If you’re into the techy side of things, you’ve probably wondered how Googlebot resolves its way around problems, and specifically, web crawler traps.
For example, let’s suppose that Googlebot encounters some sort of endless loop, or a page that can expand forever (like a calendar page where you can click to load the next month...and the next...and the next...and so on).
At ~46:06 of the English Google SEO Office-Hours From November 19, 2021 (video queued below), John Mueller addressed a question related to this.
The question read:
“Occasionally, when crawling a website, I run across a spider trap, infinitely expanding URLs.
“And I've been wondering how Googlebot handles such situations. Does it somehow ignore those URLs to focus on the rest of the normal URLs on the site or does Googlebot get stuck in some way and miss crawling URLs as a result?”
“Yeah, that's a complicated question.
“And it is something that sometimes causes problems. For the most part, I think we end up figuring this out, because what happens is a kind of spider trap area, which is something, for example, maybe you have an infinite calendar, where you can scroll into March 3000, or something like that, and essentially you can just keep on clicking to the next day, and the next day, and it'll always have a calendar page for you.
“That's kind of an infinite space kind of thing. For the most part, because we crawl incrementally, we'll start off, and go off and find...I don't know...maybe 10 or 20 of these pages.”
That’s a good point--that Googlebot crawls incrementally. It doesn’t dive headfirst.
This gives it a chance to dip its toes into the water, so to speak.
“And then we'll say, ‘Well, there's not much content here, but maybe if we look a little bit deeper and we go off and crawl maybe a hundred of those pages....’
“And we start saying, ‘Well, all of this content essentially looks the same, and they're all kind of linked from this long chain where you have to click Next, Next, Next, Next to actually get to that page.
“At some point, our systems are going to say, ‘Well, there's not much value in crawling even deeper here, because we found a lot of the rest of the website that has really strong signals telling us this is actually important.

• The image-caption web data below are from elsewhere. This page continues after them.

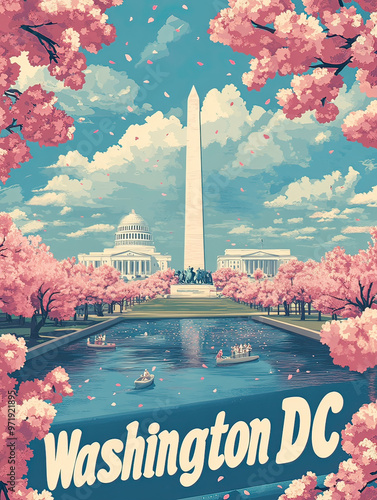 Vintage style travel poster for Washington DC with the Washington Monument, cherry blossom festival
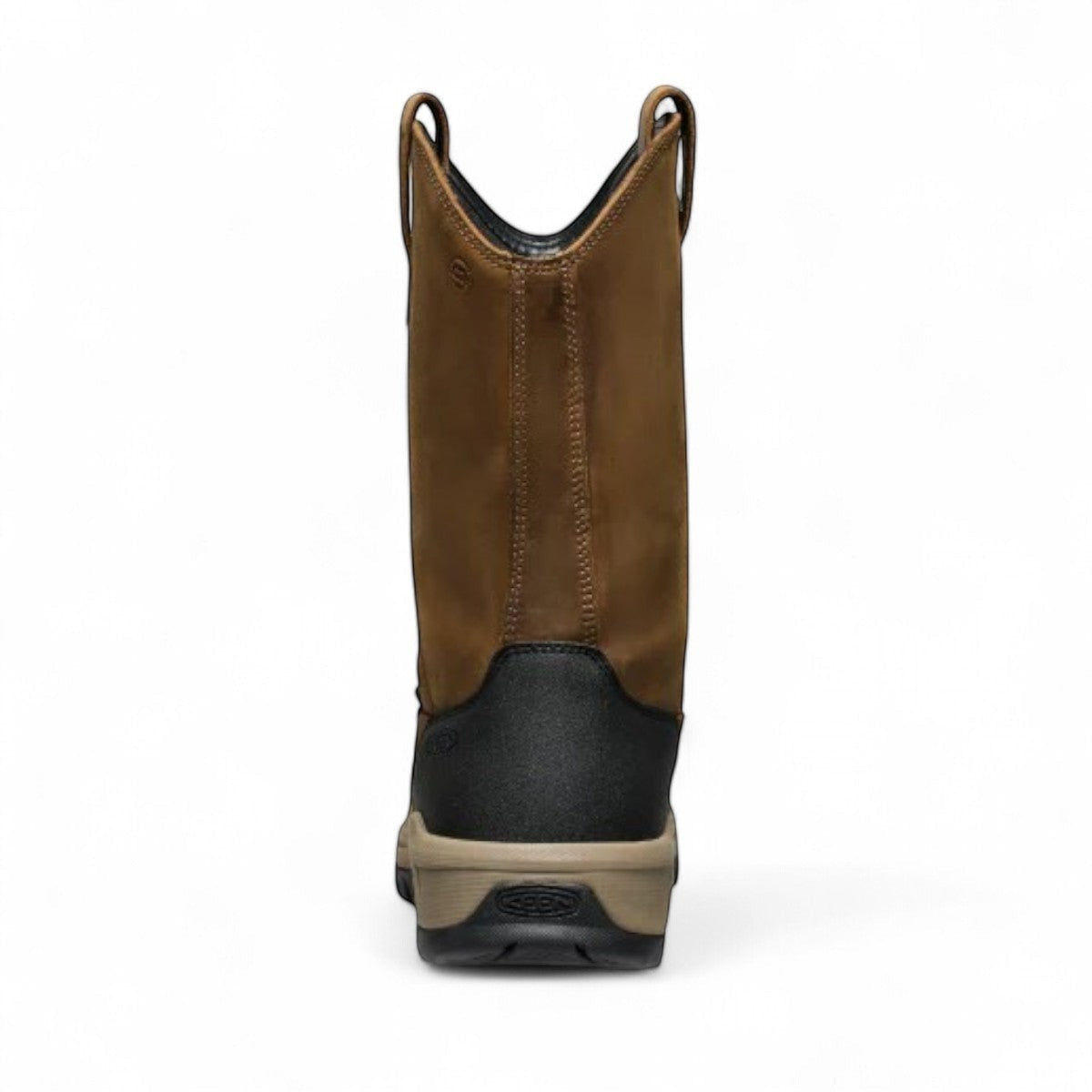 KEEN CSA EVANSTON PULL ON WP waterproof leather work boots in bison/black with carbon toe and slip-resistant sole.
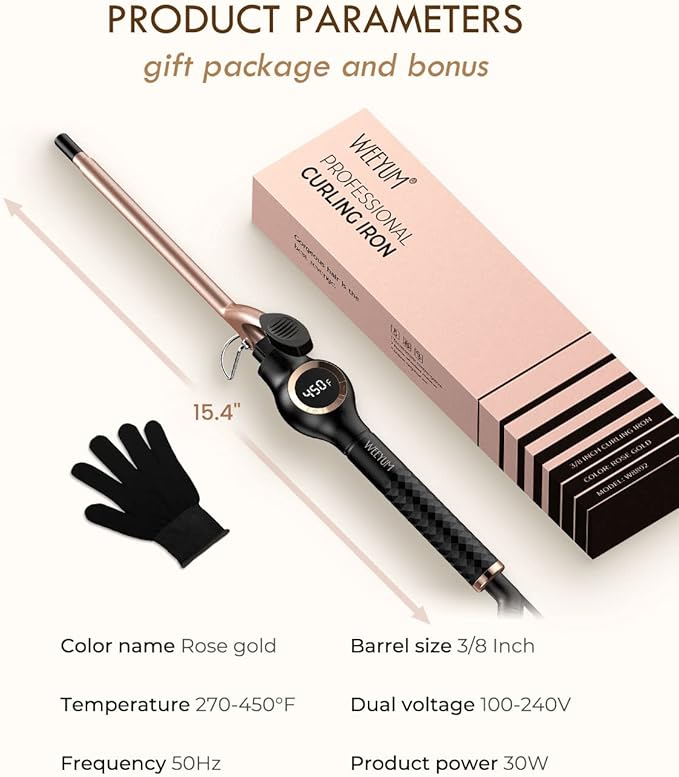 Small Curling Iron 3/8 Inch Barrel, Tiny Curling Wand for Short Hair, 9mm Thin Curling Iron Ceramic Tourmaline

“And we found this really weird long chain here.
“Then overall, we'll say, ‘Well, these are probably not that important. We don't have to crawl them that often, if at all, if we want to keep them.’
“And rather, we focus on the rest of the site.”
So, there you have it: Googlebot is programmed with a process whereby it’ll eventually conclude that it’s in a web crawler trap, and then it’ll cease that process.